======== Entries provided ========

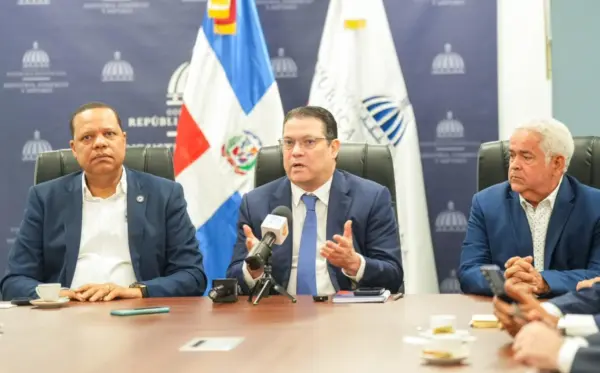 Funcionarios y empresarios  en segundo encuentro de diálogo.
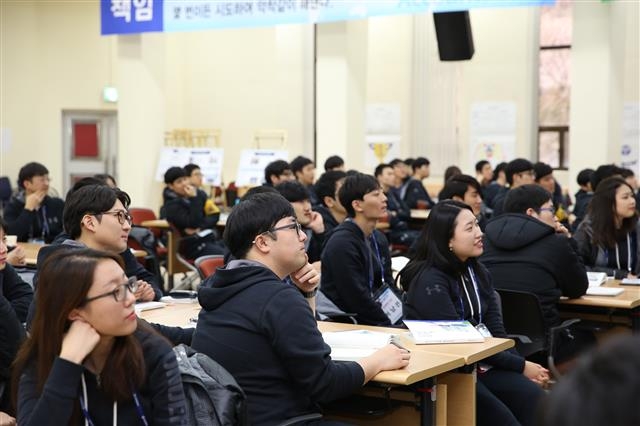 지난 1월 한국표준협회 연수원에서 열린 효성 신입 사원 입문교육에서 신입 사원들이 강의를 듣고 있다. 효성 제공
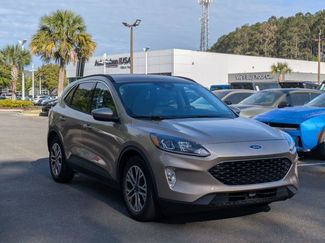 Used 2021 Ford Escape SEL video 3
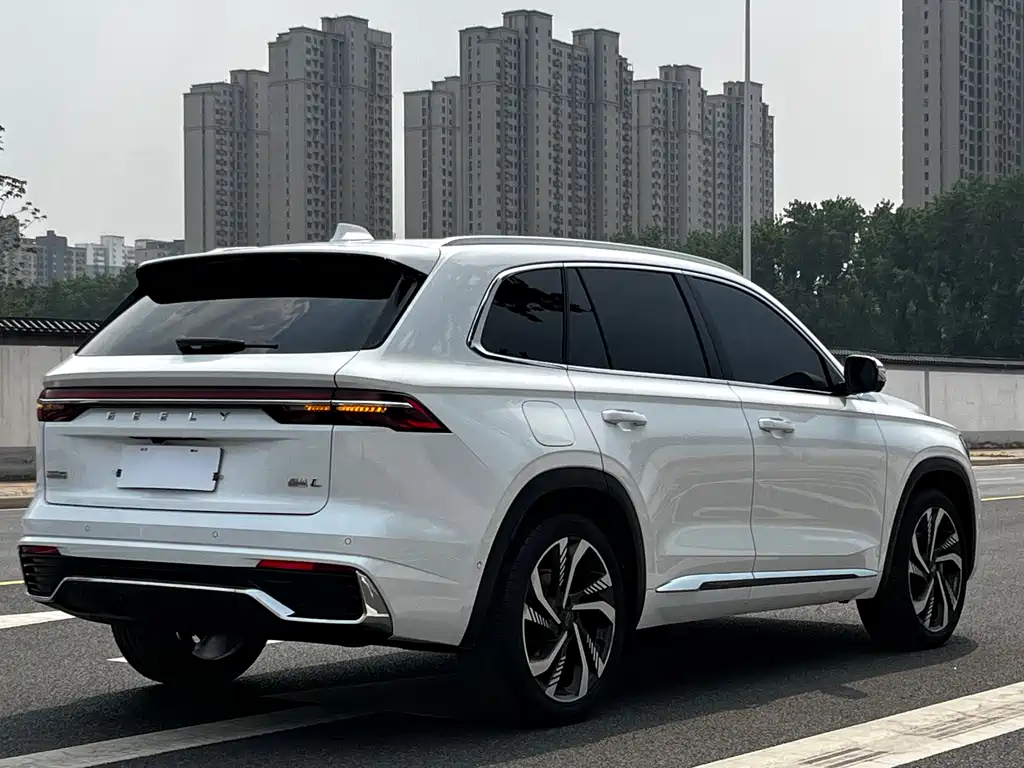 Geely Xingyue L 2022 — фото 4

========
======== Entries provided ========

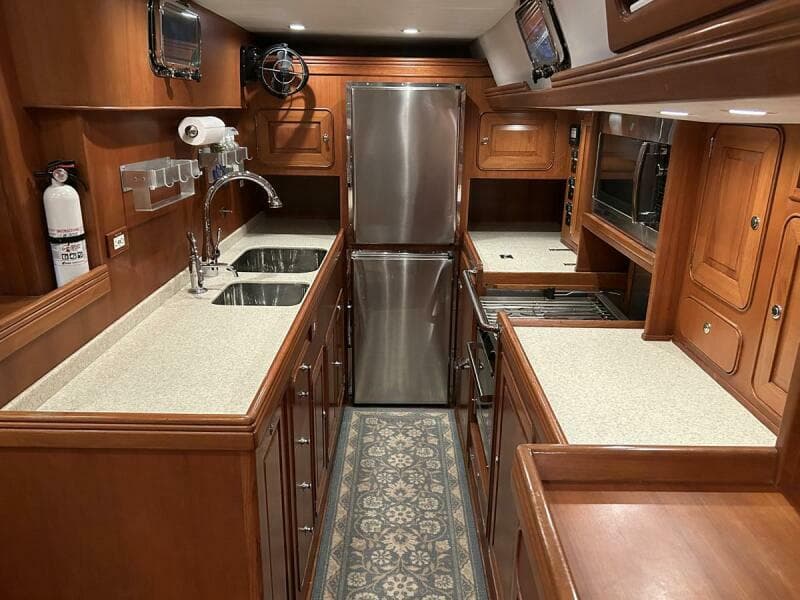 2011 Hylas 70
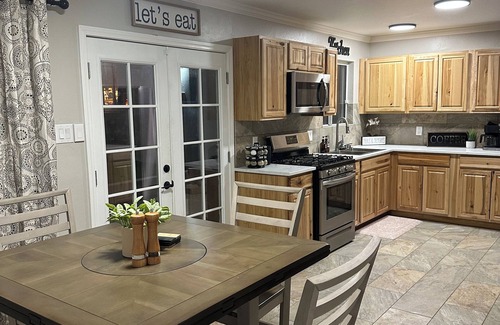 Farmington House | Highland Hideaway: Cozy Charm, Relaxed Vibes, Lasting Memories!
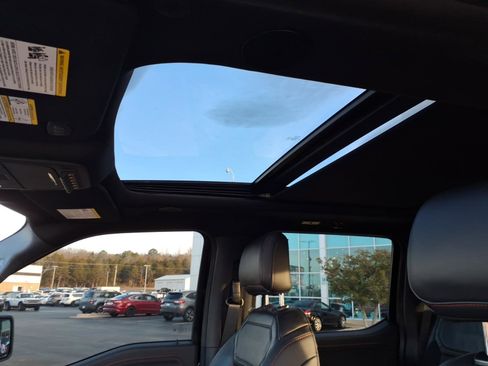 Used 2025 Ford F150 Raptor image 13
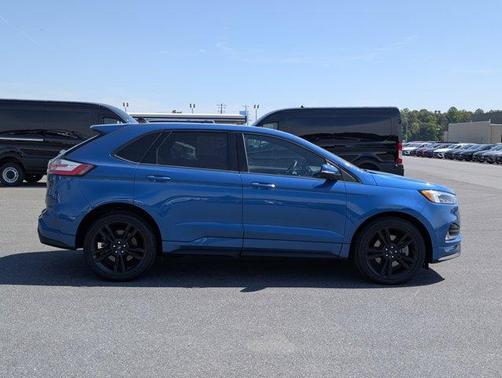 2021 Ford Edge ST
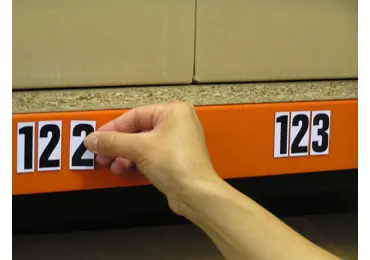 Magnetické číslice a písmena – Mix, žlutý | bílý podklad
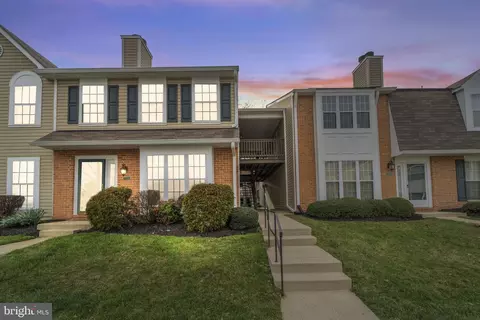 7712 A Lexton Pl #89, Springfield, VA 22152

========

From the records above, extract the lines from the one holding "Funcionarios y empresarios" through the one holding "Geely Xingyue L 2022 — фото 4", word for word; omit the pictures.

 Funcionarios y empresarios  en segundo encuentro de diálogo.
 지난 1월 한국표준협회 연수원에서 열린 효성 신입 사원 입문교육에서 신입 사원들이 강의를 듣고 있다. 효성 제공
 Used 2021 Ford Escape SEL video 3
 Geely Xingyue L 2022 — фото 4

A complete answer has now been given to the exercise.